Texas Three-Step
On Wednesday, a Texas judge allowed the lawsuit by Energy Transfer Partners (NYSE: ETP) alleging breach of oral agreement by Enterprise Products Partners (NYSE: EPD) to proceed to a jury trial next month. In a terse ruling, Dallas County District Judge Emily Tobolowsky rejected Enterprise’s motions for summary judgment and partial summary judgment, opining that they “lack merit.”
The dispute dates back to an ill-fated 2011 plan by the parties to collaborate on an oil pipeline between the glutted Cushing, Oklahoma hub and Houston-area refineries. The maybe-partners signed a joint venture agreement specifically allowing each to back out of the project, and then got busy signing up customers for the venture before Enterprise pulled the plug, citing insufficient demand.

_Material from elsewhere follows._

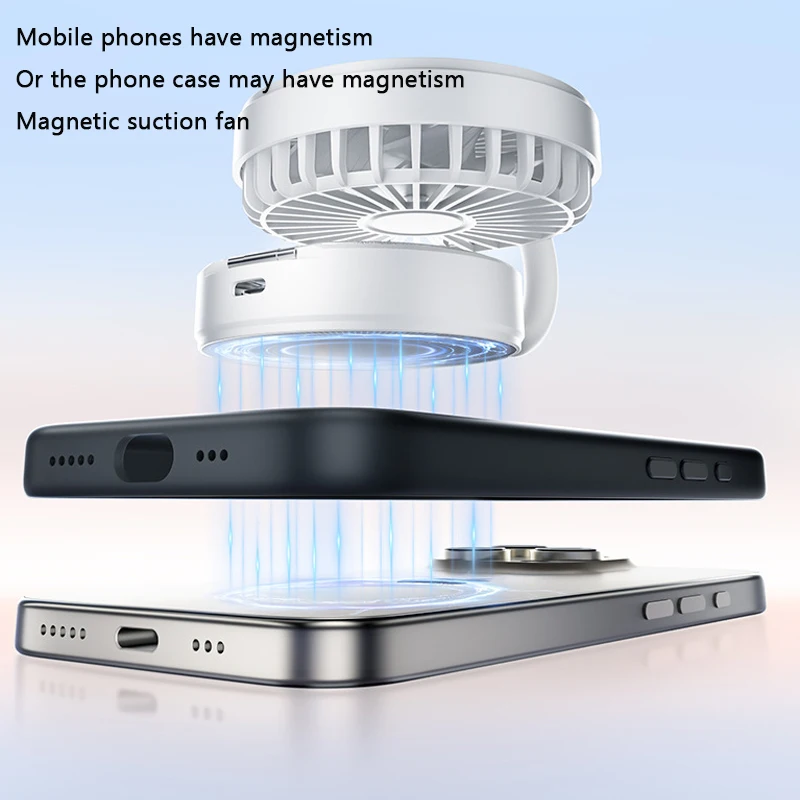 Kreativer Magnetischer Desktop-Mini-Ventilator Tragbarer Outdoor-Handventilator Faltbarer Magnetischer Mini-Ventilator – Detail 8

Enterprise then partnered with Canada’s Enbridge (NYSE: ENB) to reverse the flow of their jointly-owned Seaway Pipeline along the same route, and is now working to double that route’s capacity. Energy Transfer sued the next day, claiming $1 billion in damages. It claims that Enbridge interfered with its business and that Enterprise went back on an oral commitment binding under Texas partnership law no matter what written agreements might state and regardless of common industry practices.

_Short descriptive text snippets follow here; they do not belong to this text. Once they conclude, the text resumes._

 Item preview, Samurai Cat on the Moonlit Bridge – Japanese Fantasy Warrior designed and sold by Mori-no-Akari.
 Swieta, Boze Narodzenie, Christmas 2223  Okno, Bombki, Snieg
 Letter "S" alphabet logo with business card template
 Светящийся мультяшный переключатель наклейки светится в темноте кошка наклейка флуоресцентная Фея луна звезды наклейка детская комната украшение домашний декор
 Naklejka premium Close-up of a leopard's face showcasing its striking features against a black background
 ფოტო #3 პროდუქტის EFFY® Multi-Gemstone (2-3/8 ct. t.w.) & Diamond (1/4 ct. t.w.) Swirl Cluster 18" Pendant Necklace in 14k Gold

At first glance this looks like a nuisance suit, but a $1 billion jury verdict would certainly prove quite a nuisance to Enterprise. Energy Transfer is asserting that the marketing work carried out before Enterprise scuttled their joint venture proves a partnership existed even though neither board of directors had signed off and the written agreement specifically preserved each party’s right to back out.
This intramural Texas grudge match pits Dallas-based Energy Transfer and its Dallas lawyers against Houston-based Enterprise and its hometown legal team, with Calgary’s Enbridge cast as spoiler and co-defendant. Perhaps it’s not entirely surprising that a Dallas judge found that Team Dallas had scored enough points to permit the case to go to trial.
Texans take notions of honor and honesty as seriously as anyone, and perhaps Energy Transfer is defending those principles as much as profits. Or perhaps not. Because even as it claims that Enbridge acted illegally in breaking up its partnership with Enterprise, it’s signing up customers for an alternative pipeline route that would bring Canadian and North Dakotan crude from Illinois to Louisiana. Its partner on that project? Yup, Enbridge.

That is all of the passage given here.